33. As already referred to, we had before put before us the case of Glasgow City Council v Marshall [2000] IRLR 272 which involves an employer pointing to an historical basis of the disparity, namely two different nationally negotiated scales and that in the circumstances the employer had done enough to make out a genuine material factor defence under Section 1(3) of the Equal Pay Act. We understand the point made by Lord Nicholls regarding the interplay between historic explanations and absence of sex discrimination regarding justification, and, the fact it was held that the Tribunal had applied a wrong test. However, whilst the events in Summer 2008 caused the differential in pay between the Claimant and her comparator, and can and were genuine and material, we do not consider that this historical explanation can be considered to be material at the time the Equal Pay complaint was made to the Tribunal. That is always a question of fact for the Tribunal and on the facts we consider that it has not been proven that there is anything to be significant and relevant from April 2009. In particular the argument regarding the “ability” to increase spine positions we do not find to be a genuine material factor. A self imposed internal rule cannot, in our opinion be relied upon in the way contended for by the Respondents. In these circumstances we consider that the claim for Equal Pay from April 2009 succeeds.
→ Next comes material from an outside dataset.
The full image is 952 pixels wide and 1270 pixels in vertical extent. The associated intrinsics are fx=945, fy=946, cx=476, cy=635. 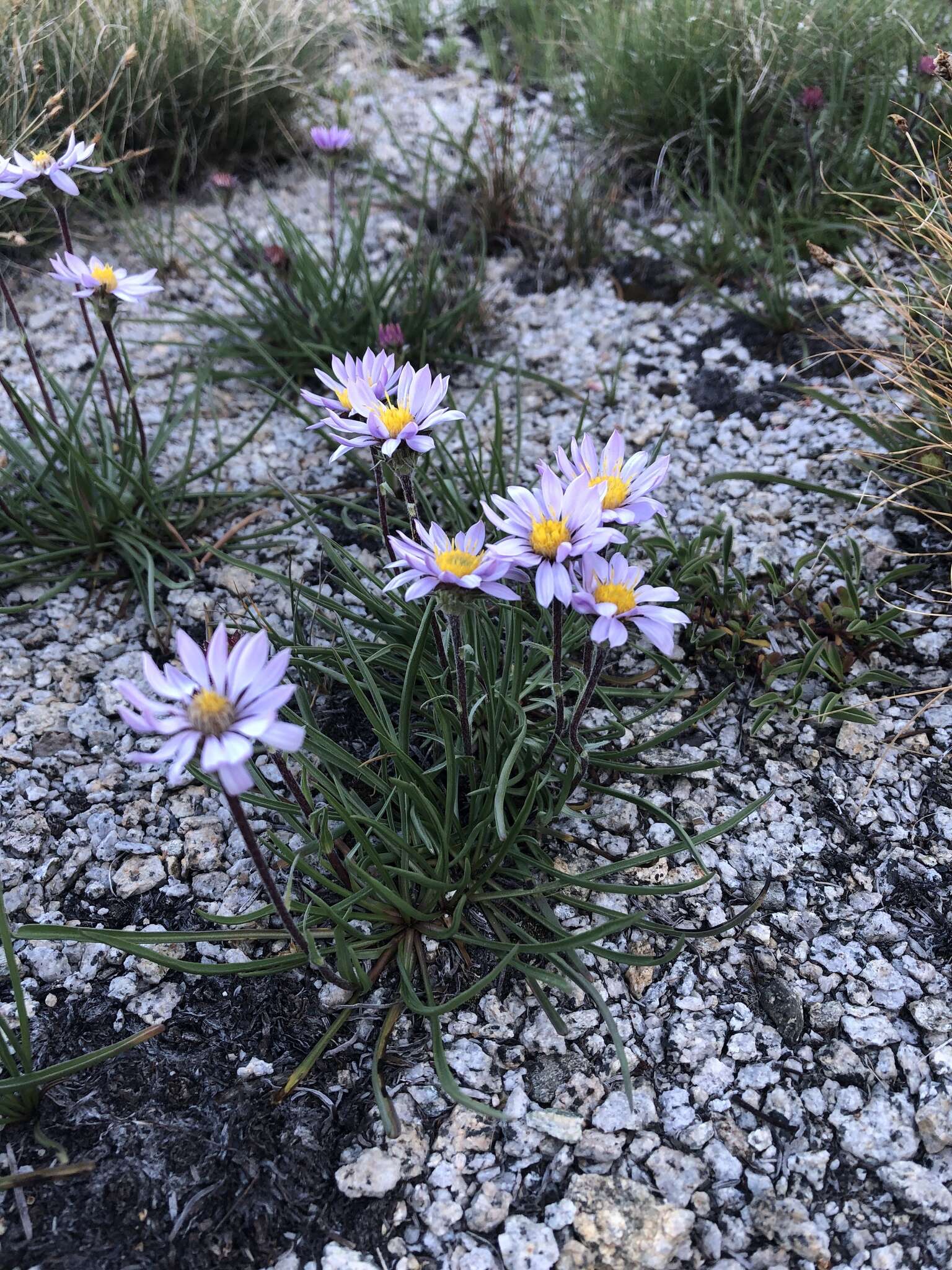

34. We should add that if this date of April 2009 is incorrect, then the results of the further Annual Performance Reviews in June 2010 were the Claimant and her comparator achieved “exceeded” demonstrates even more emphatically that the original reason for the differential in pay had evaporated.”
(There are a number of minor oddities in the wording of that passage, which we have not sought to correct: the overall meaning is clear enough.)